On Tuesday Nebraska was the first state to execute a prisoner by a lethal injection containing fentanyl.

Carey Dean Moore, a 60-year-old man, was sentenced to death for the murder of two taxi drivers in 1979.

His death was pronounced at 10:47 am local time on Tuesday. The execution took about 20 minutes, said Scott Frakes, director of the Nebraska Prison Service Department (center).

“I recognize that today’s execution affects many people on many levels,” he added, adding that it was conducted with “professionalism, respect for procedure and dignity for all involved . ”

“Quiet and calm,” according to local media, Moore turned to his family, including his brother, to ask for forgiveness and address his last words, “I love you,” three times.

A cocktail of substances including fentanyl

He was then administered a cocktail of four substances, three of which had never been used during an execution: the sedative diazepam, the powerful analgesic fentanyl, the muscle relaxant cisatracurium and potassium chloride, which causes cardiac arrest. .

The use of fentanyl, responsible for tens of thousands of overdose deaths in the United States, is particularly criticized. This opiate is fifty times more powerful than heroin and almost a hundred times more powerful than morphine.

In order to protect its reputation, a German pharmaceutical company had initiated legal proceedings to block Moore’s execution, claiming that Nebraska had illegally obtained products from his company.

“Fresenius Kabi does not take a position on capital punishment [but] opposes the use of its products for this purpose and therefore does not sell certain drugs to prisons,” said the laboratory in its civil complaint.

An appeal dismissed by a federal court, which gave Monday the green light to the execution.

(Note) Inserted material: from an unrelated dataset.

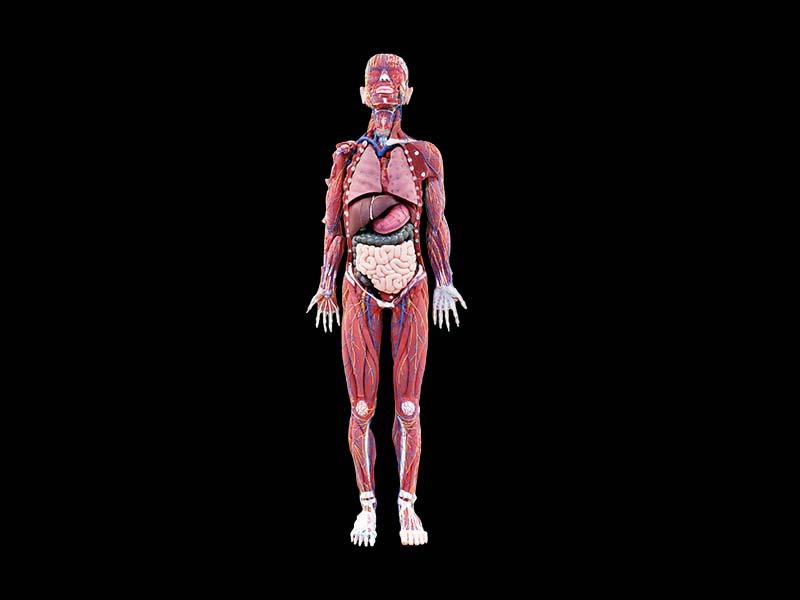 Soft Silicone Human Body Anatomy Model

For Robert Dunham, director of the Information Center on the Death Penalty, this first execution in fentanyl in Nebraska “shows that states are looking for available products.”

Lethal cocktails have become difficult to obtain because of public opposition and the reluctance or outright hostility of pharmaceutical companies to sell them to prisons for executions.

A lawsuit filed in July by the pharmaceutical company Alvogen temporarily halted a capital execution in Nevada.

Report requested

The powerful American civil rights organization ACLU also called on Nebraska justice Monday to postpone the execution of Moore.

The lawyers argued that her sentence was automatically commuted to life in 2015 when Nebraska abolished the death penalty one year before voters reinstated it in a referendum.

This rural state in the center of the country had not executed a prisoner since 1997. This is the first fatal lethal injection in its history.

Carey Dean Moore, who spent 38 years on death row, said he did not want the execution to be postponed.

Two murders in 1979

He was only 22 years old when he was sentenced to death for the murder of two taxi drivers in Omaha in August 1979, five days apart. He admitted to shooting the first driver during a robbery with his twin brother.

He wrote in 2007 that he had killed the second at the end of a race to “foolishly prove himself” that he was able “to take away a man’s life alone”.

Some sixteen prisoners have now been executed in the United States since the beginning of the year, according to the Information Center on the Death Penalty.

Half of these executions took place in Texas (south), which uses only one substance for its lethal injections: pentobarbital, a sedative causing a high dose of respiratory arrest.